Bob Daemmrich/Capitol Press Photo/Pool/The Texas Tribune
Gov. Greg Abbott delivered his State of the State speech at Visionary Fiber Technologies outside of Lockhart on Feb. 1, 2021.
It’s always easiest to lead the Texas Legislature by going where lawmakers already wanted to go, and there’s a fresh example in the “emergency” list for legislators laid out Monday in Gov. Greg Abbott’s State of the State address.
Expanded broadband internet and protections for businesses against pandemic-related lawsuits were already under discussion three months after COVID-19 swept into Texas. People inside and outside of government have worked hard on those issues for a while now. The governor himself has had a task force working on broadband for months.
Legislation that would have made it harder for jailed suspects to be released on bail if they’re considered dangerous failed in the Legislature two years ago; that’s a priority of the governor’s now. And it offered Abbott a hook for his “back the blue” push that began during the 2020 election cycle, alongside his request for state laws restricting local efforts to divert and cut police funding, another of the governor’s emergency items.

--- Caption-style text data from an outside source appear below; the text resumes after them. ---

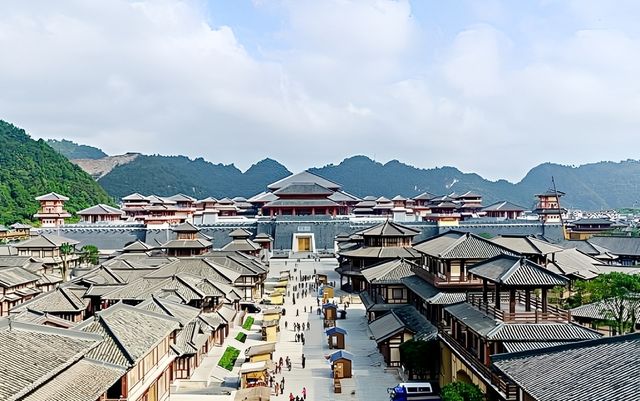 都匀秦漢影視城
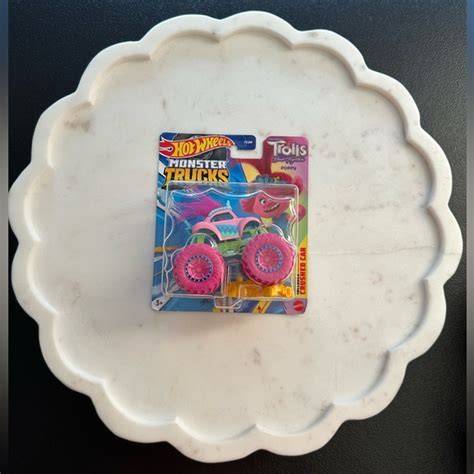 Mattel Toys Hot Wheels Monster Trucks Trolls Band Together Poppy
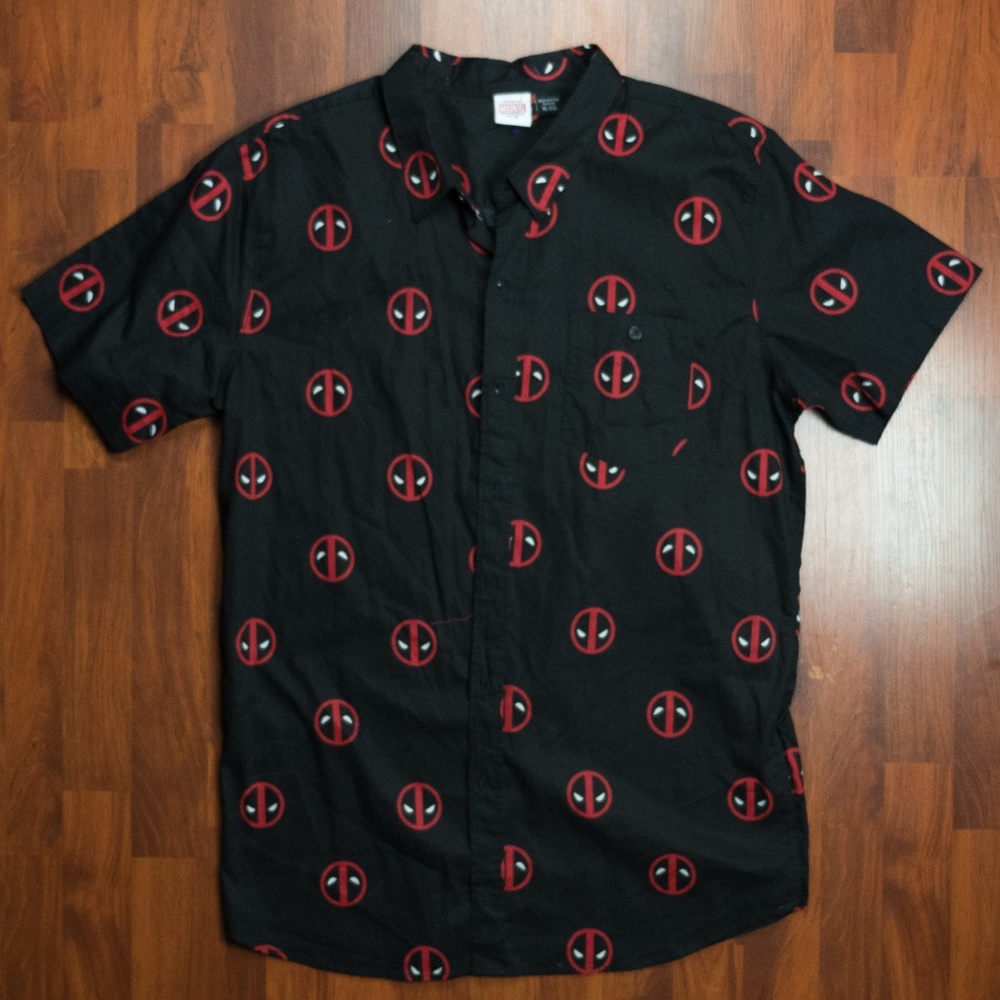 Deadpool Button Down Short Sleeve Shirt Mens XL
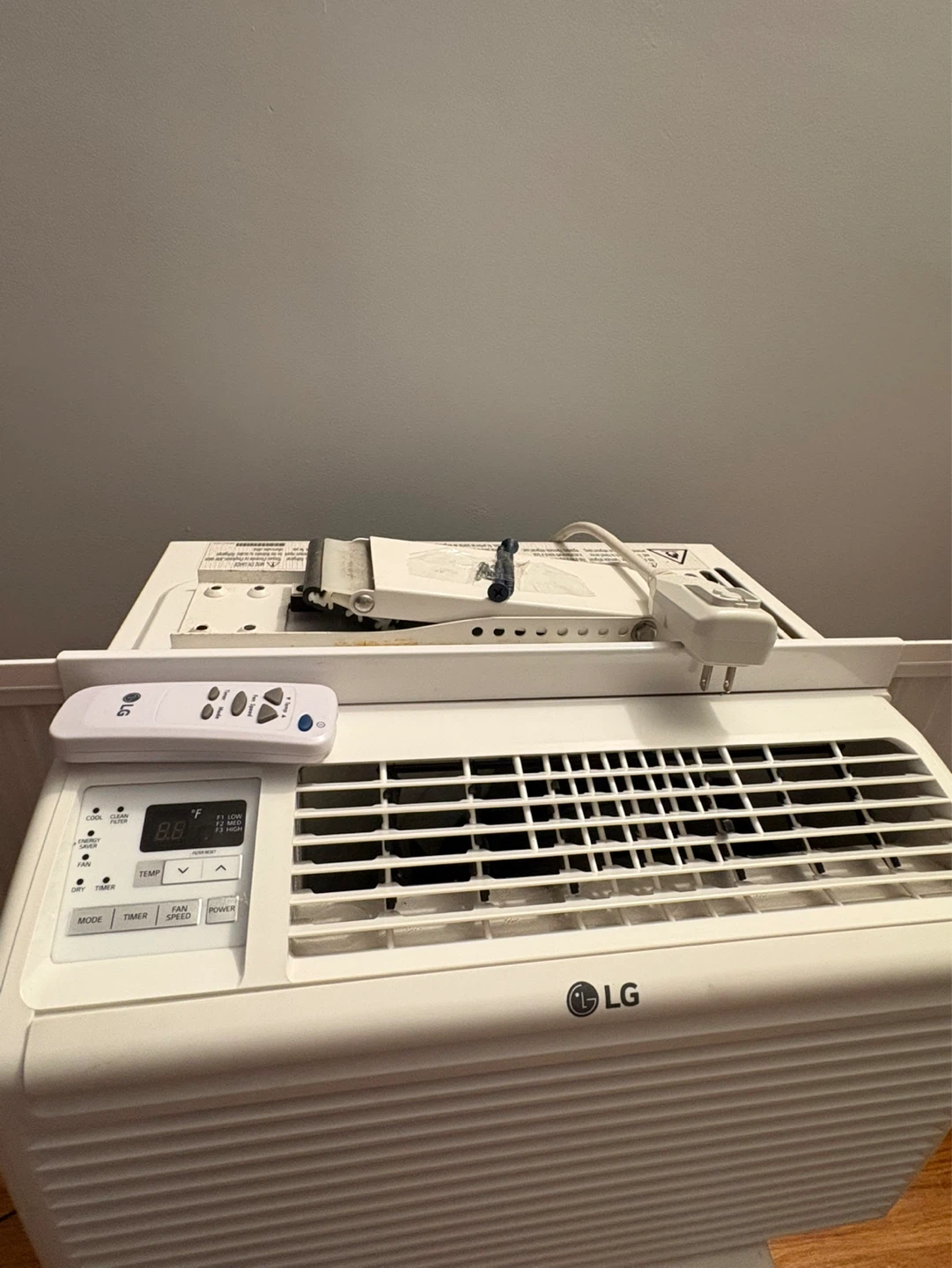 LG Window Air Conditioner with Remote - photo 2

And he put “election integrity” on his top list, with no specific recommendations about a general theme that played so strongly before and after the 2020 general election — or any evidence of widespread fraud in Texas elections. He said “we must have trust and confidence in the outcome of our elections” without saying what’s wrong with them and what changes he’d make.
Abbott’s customary start-of-the-session address wasn’t so much a new turn to the affections of hard-core Republicans as a return to those positions. Two years ago, after the party’s close calls in the 2018 elections in Texas, Abbott and other state leaders turned to relatively non-political issues, heeding voters’ apparent calls to work on public education, property taxes and related issues.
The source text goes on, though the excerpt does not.